Please give back every entry in full, word for word, but none of the pictures.

* Short text fragments from websites:
▼
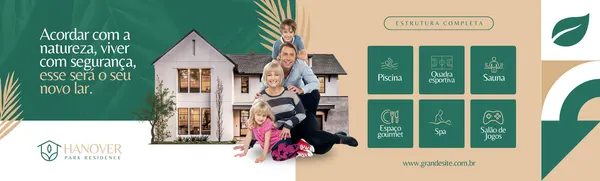 Banner horizontal para incorporadora imobiliária com fundo verde e bege. Apresenta uma família feliz em frente a uma casa moderna, com ícones de lazer como piscina, quadra, spa e salão de jogos. O texto destaca 'Acordar com a natureza, viver com segurança'.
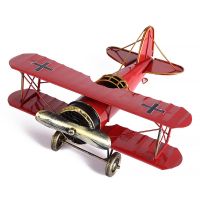 Vintage Tin Metal Airplane Model Biplane Aircraft Decor Toy Gifts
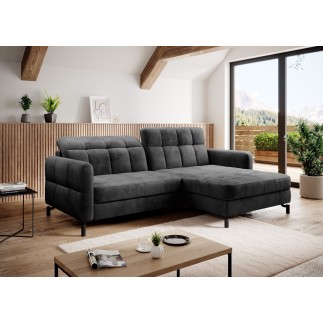 Canapé d'angle convertible en velours gris foncé luxe 3-4 places LORO, angle droit (vu de face)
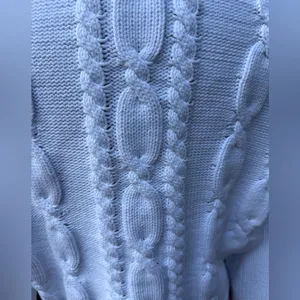 J. Crew Cable Knit White Sweater Chunky Cropped Preppy Academia‎ Y2K Fisherman thumbnail 4
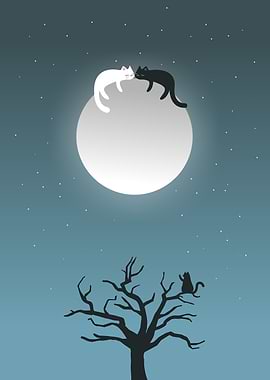 jealous cat on moon tree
▲
* Exercise response:
 Banner horizontal para incorporadora imobiliária com fundo verde e bege. Apresenta uma família feliz em frente a uma casa moderna, com ícones de lazer como piscina, quadra, spa e salão de jogos. O texto destaca 'Acordar com a natureza, viver com segurança'.
 Vintage Tin Metal Airplane Model Biplane Aircraft Decor Toy Gifts
 Canapé d'angle convertible en velours gris foncé luxe 3-4 places LORO, angle droit (vu de face)
 J. Crew Cable Knit White Sweater Chunky Cropped Preppy Academia‎ Y2K Fisherman thumbnail 4
 jealous cat on moon tree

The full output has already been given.